Requirement:
Only the lines below between the one holding "DEALE BEACH - Residential" and the one holding "GE TP1616SS 1600", inclusive, are to be reproduced word for word; the pictures are to be left out.

*** Dataset records ***

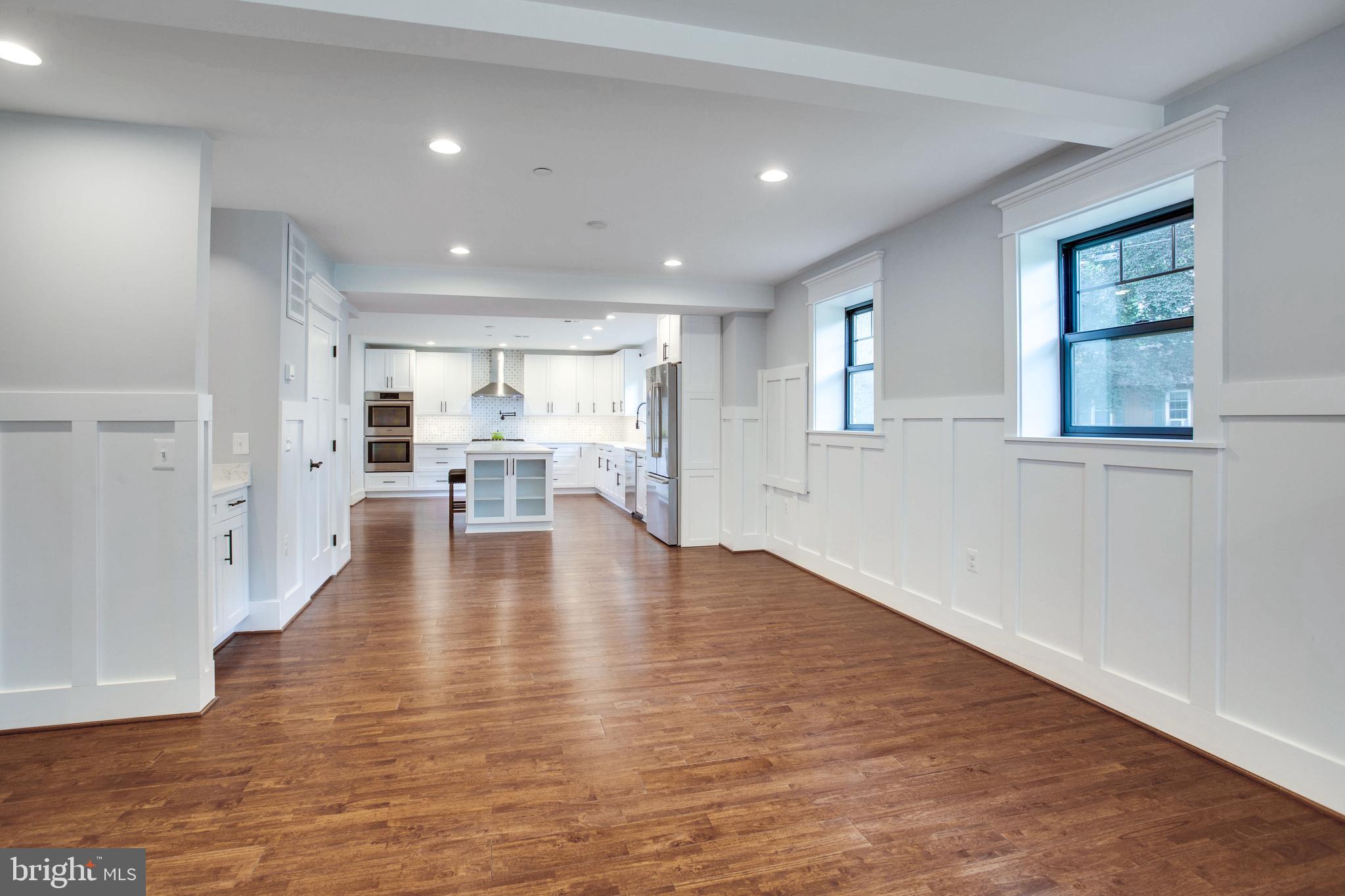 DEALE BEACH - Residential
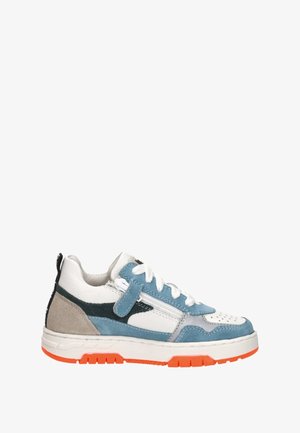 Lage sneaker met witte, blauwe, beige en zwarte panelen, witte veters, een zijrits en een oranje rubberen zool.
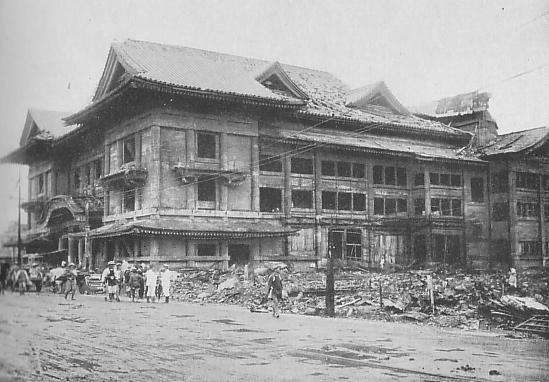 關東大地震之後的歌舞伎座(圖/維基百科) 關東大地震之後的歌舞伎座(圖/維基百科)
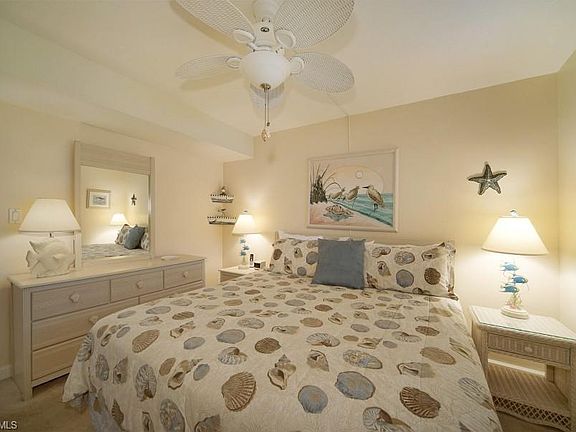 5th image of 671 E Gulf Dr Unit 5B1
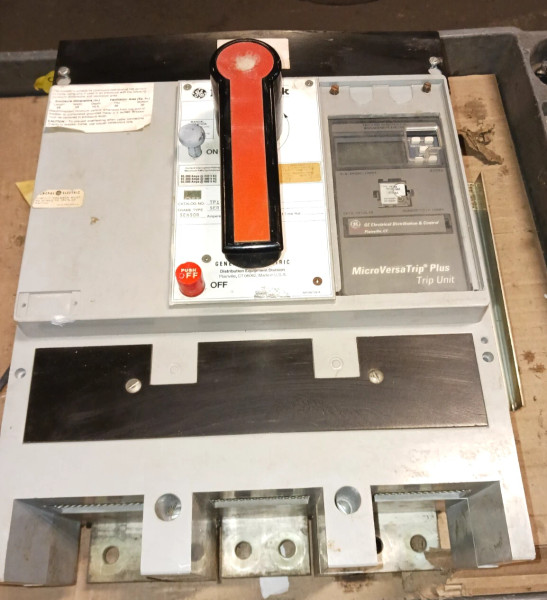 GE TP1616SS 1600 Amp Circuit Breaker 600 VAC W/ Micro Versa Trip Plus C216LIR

***
*** Dataset records ***

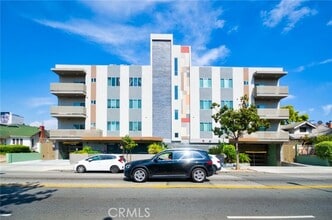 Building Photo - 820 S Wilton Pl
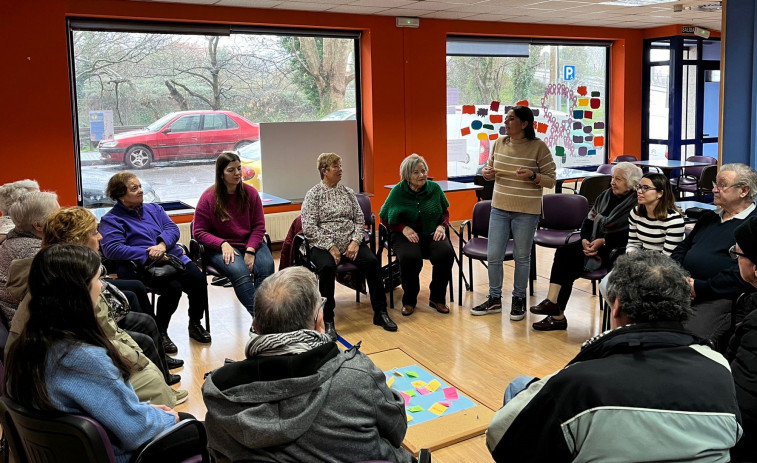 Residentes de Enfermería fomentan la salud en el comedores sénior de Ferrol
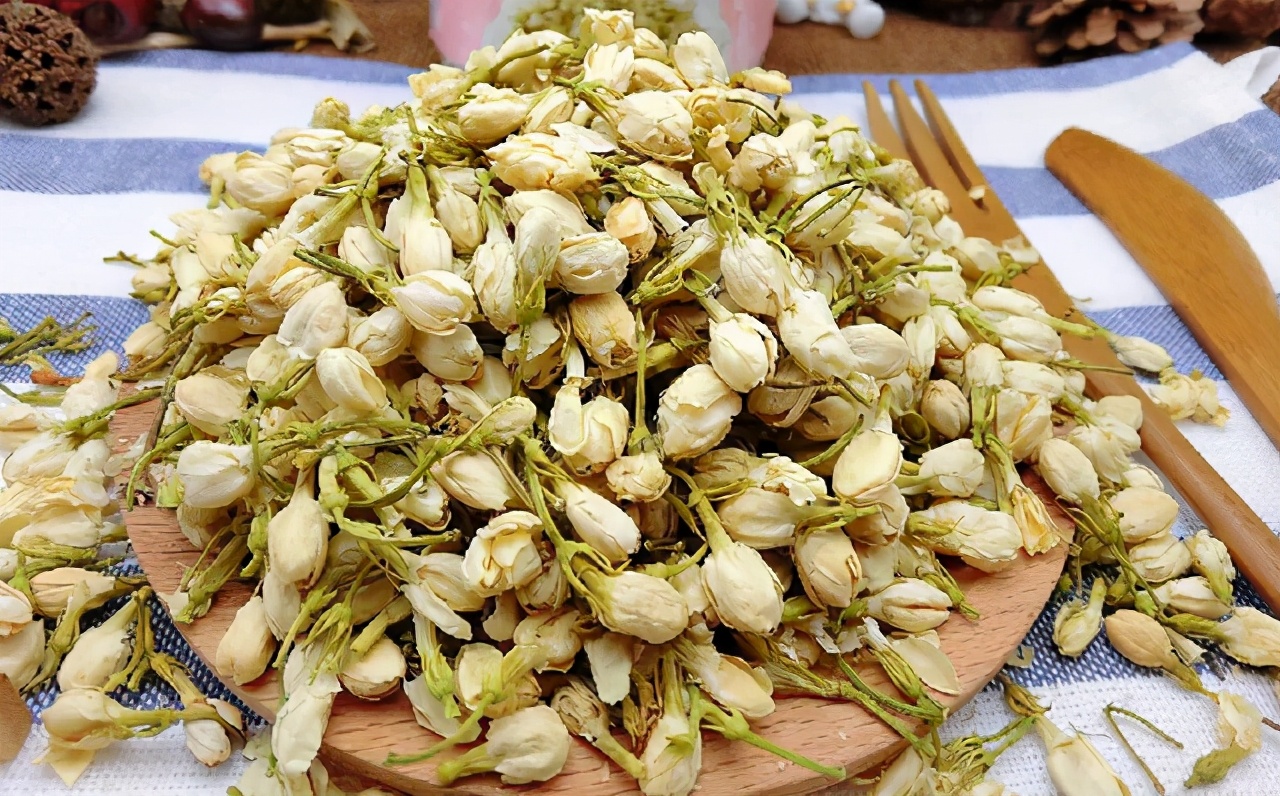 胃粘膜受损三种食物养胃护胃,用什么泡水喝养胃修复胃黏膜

***
*** Dataset records ***

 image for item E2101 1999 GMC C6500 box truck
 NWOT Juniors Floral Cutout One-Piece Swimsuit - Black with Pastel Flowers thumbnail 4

***

Written response:
 DEALE BEACH - Residential
 Lage sneaker met witte, blauwe, beige en zwarte panelen, witte veters, een zijrits en een oranje rubberen zool.
 關東大地震之後的歌舞伎座(圖/維基百科) 關東大地震之後的歌舞伎座(圖/維基百科)
 5th image of 671 E Gulf Dr Unit 5B1
 GE TP1616SS 1600 Amp Circuit Breaker 600 VAC W/ Micro Versa Trip Plus C216LIR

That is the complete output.